One of the Most Popular Fish
Well known of course as one of the most popular fish used for Fish and Chips. And when you mention Haddock, Cod is never far away. According to many recipes and foodies the two are very similar in terms of taste and way to prepare.
That’s where we disagree. We think Haddock has a much more delicate taste compared to Cod. Plus its structure is more compact. When frying Cod it’s not difficult to see and feel what the cuison is. The compact structure of Haddock implies that you have to test the cuison in a different way. Frying haddock requires your constant attention.
Shiitake is more and more widely available, which is great! The nutty taste with the firm structure makes them ideal for this dish. Powerful but not overwhelming. The classic White Mushroom (or the chestnut coloured variation) will not do the trick; too soft and not sufficiently intense. The Shiitake brings umami to the dish.
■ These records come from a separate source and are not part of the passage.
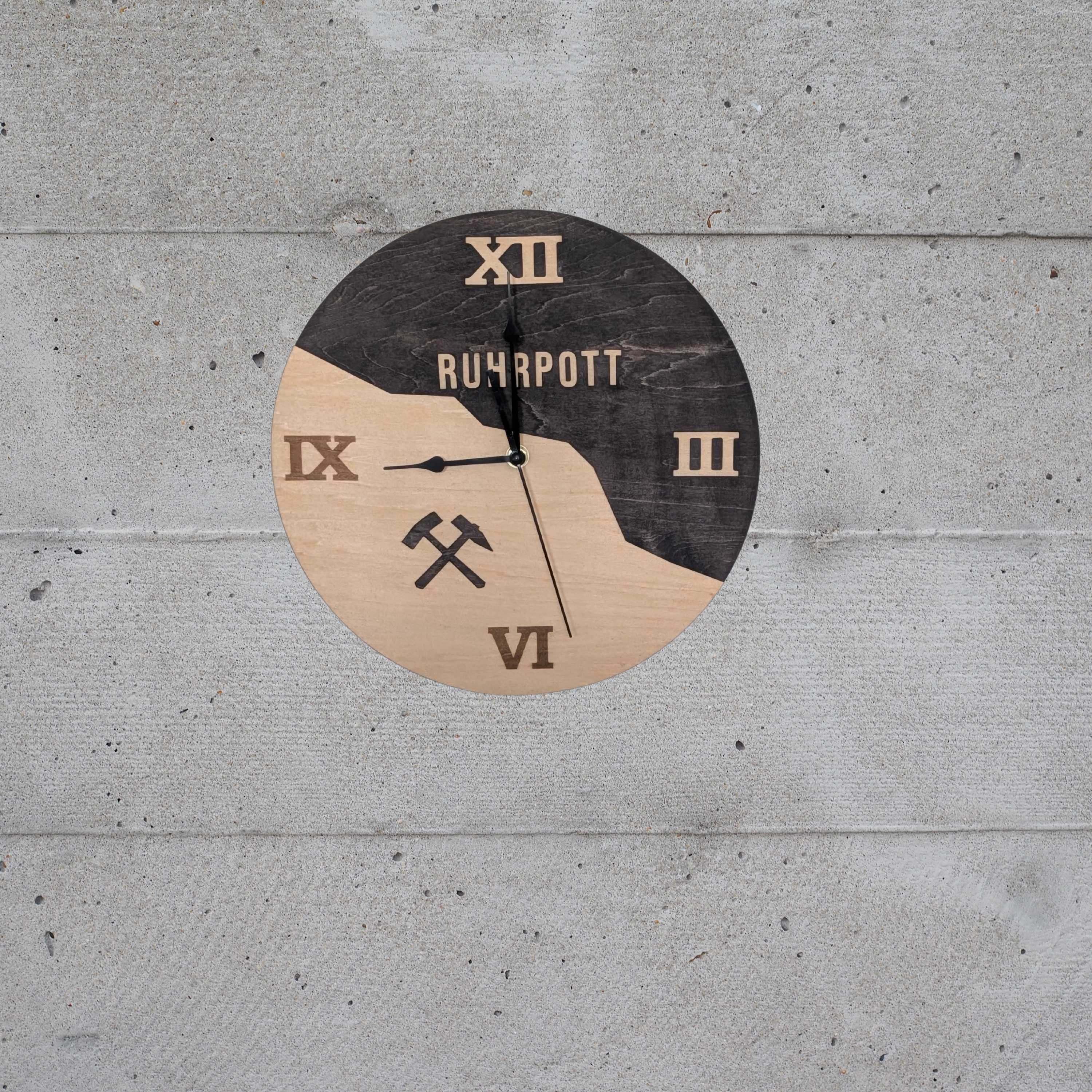 Ruhrpott Wanduhr aus Holz – Schlägel & Eisen – Geschenk für Männer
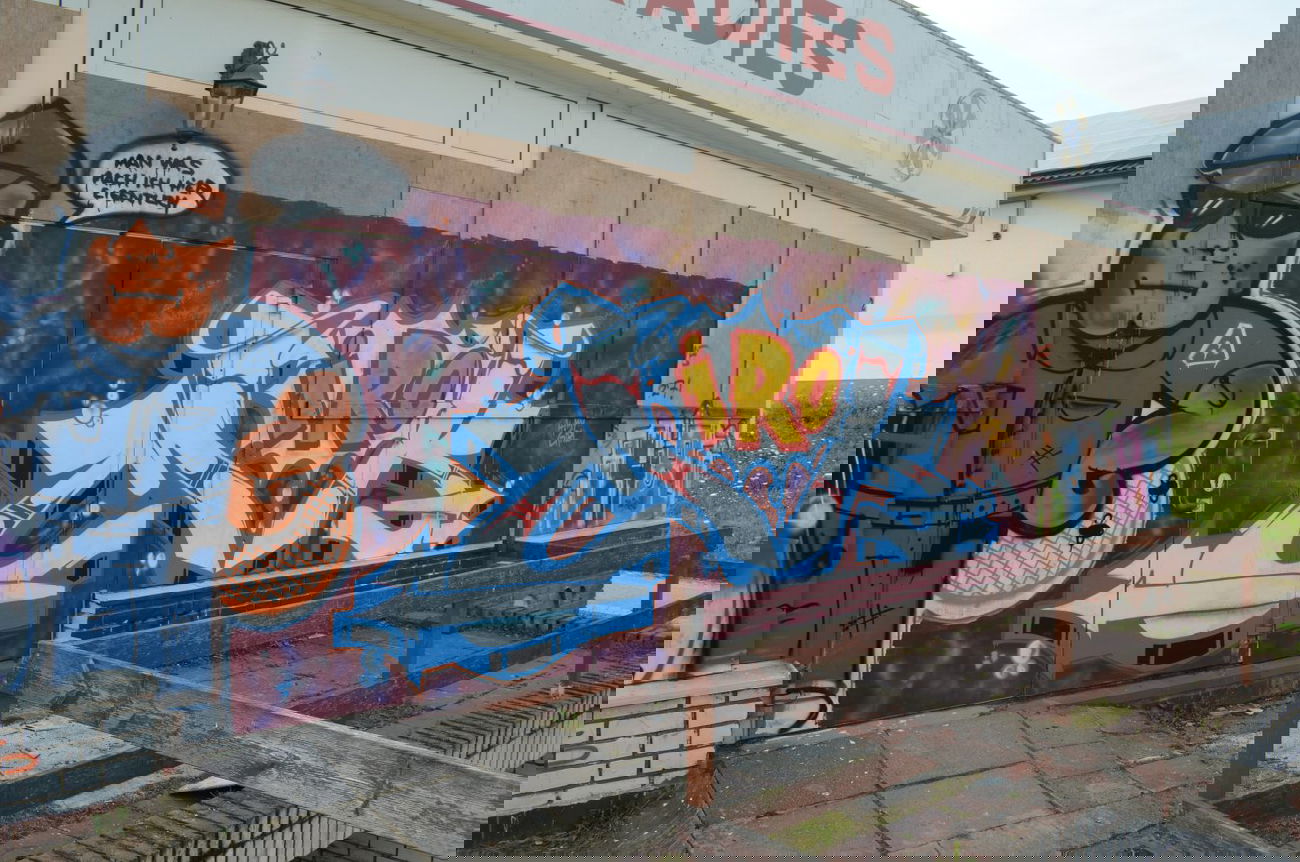 Graffiti Wall - Photo by unknown - mirok, mfg, god (2014)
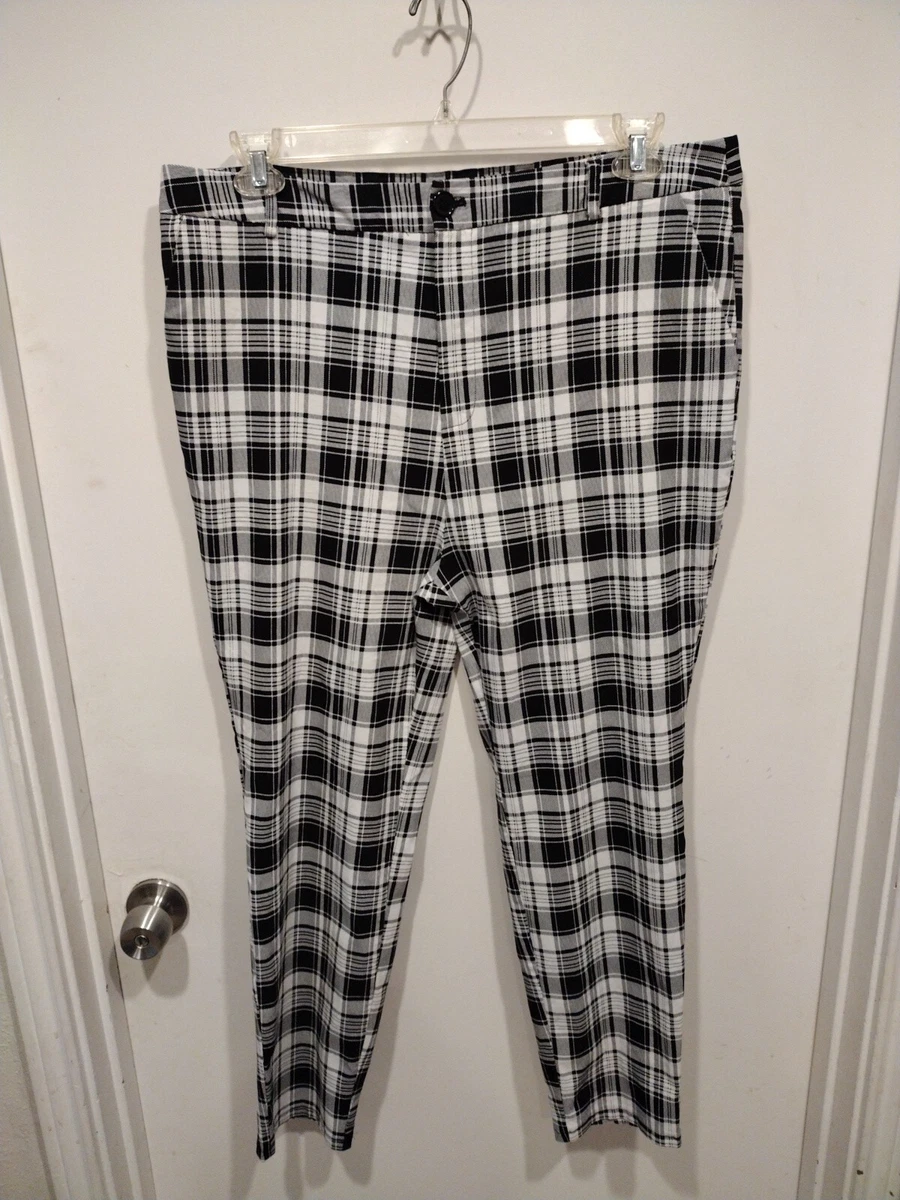 Forever 21 gingham pants sale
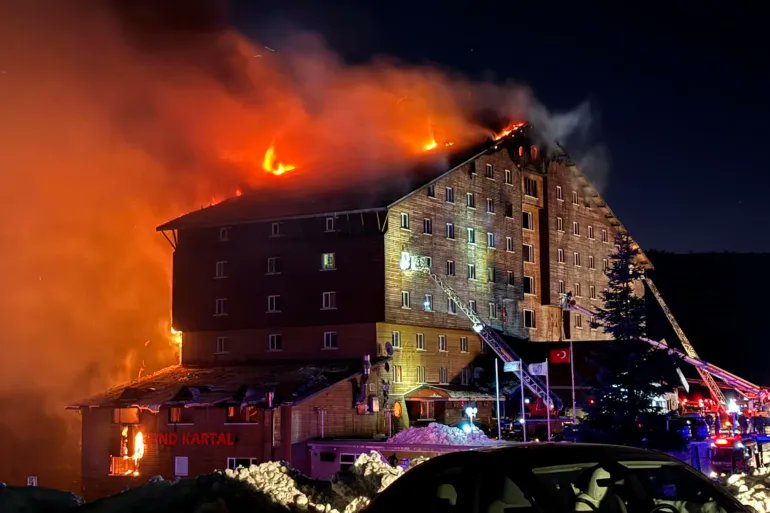 ⚡️ Число погибших в пожаре на горнолыжном курорте в Турции возросло до 66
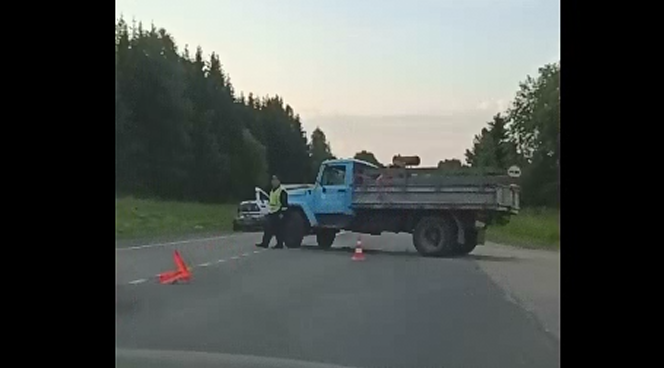 В Коми в жестком ДТП с грузовиком пострадал ребенок (видео)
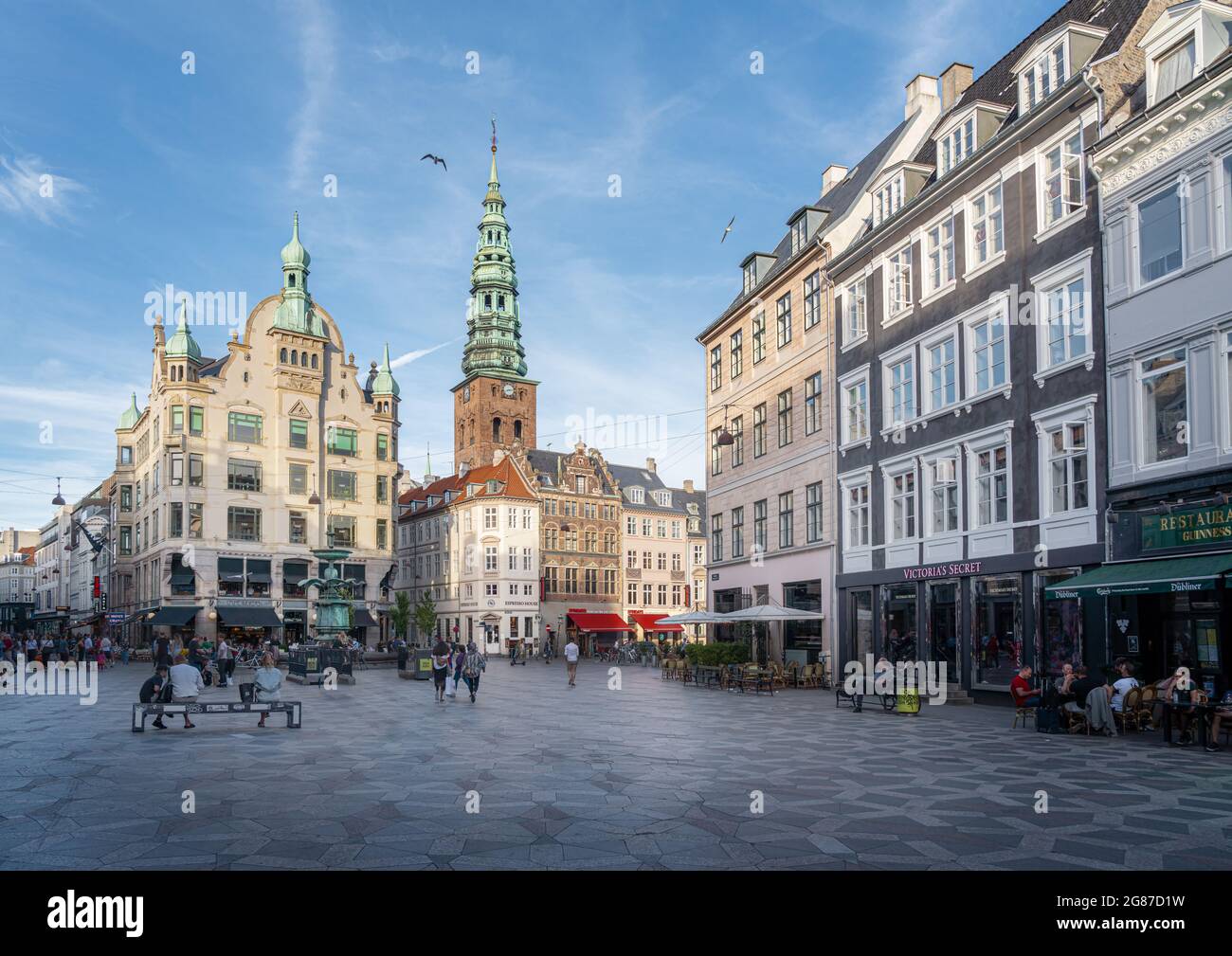 Stroget Street e piazza Amagertorv - Copenhagen, Danimarca Foto Stock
The white wine sauce is actually enriched with Classic Dry Noilly Prat, our favourite vermouth. Why favourite? Because Noilly Prat comes with a touch of bitterness, with umami, bringing the sauce and the Shiitake together. The vermouth is made with a number of botanicals, including chamomile. The white wine will bring acidity, but the dish also requires a hint of sweetness. The vermouth will enhance the natural sweetness of the Haddock. We use fish stock to create the sauce, obviously. Spend some money on buying a jar of excellent stock (or make your own).
So on your plate you have an intriguing combination of fish and mushrooms, with all five tastes represented. Nice isn’t it?
Our choice was a bottle of Pinot Grigio made by MezzaCorona. This is a dry and crispy wine with a beautiful deep yellow colour. It’s an elegant wine with just the right acidity to relate to both the fish and the sauce. The producer mentions hints of chamomile.
What You Need
- 200 grams of Haddock (without the skin)
- 100 gram of Shiitake
- Olive Oil
- Fish Stock
- Noilly Prat
- Dry White wine
- White pepper
What You Do
Start by cutting the shallot. Fry gently in butter for a few minutes. Clean the Shiitake with kitchen paper and slice. Check the fish for bits you don’t want to eat. Add wine and Noilly Prat to the shallots and let the alcohol evaporate. Then add parsley and some fish stock. Leave for a few minutes and taste. Maybe add a bit more vermouth or fish stock. Be careful with the white wine. In parallel fry the fish in butter and olive oil. Both sides should be beautiful golden brown. Gently fry the shiitake in olive oil. When not yet completely ready (check the flexibility, feel how warm the fish is) transfer the fish to a sheet of aluminium foil. Don’t close it; you only want to keep it warm. Pass the sauce through a sieve and be ready to blender the sauce. Add all juices from the two pans and from the aluminium wrapping. Blend the liquid. You could add a small chunk of ice-cold butter to thicken the sauce. We didn’t.
Serve the fish on top of the sauce and add the shiitake. Perhaps a touch of white pepper.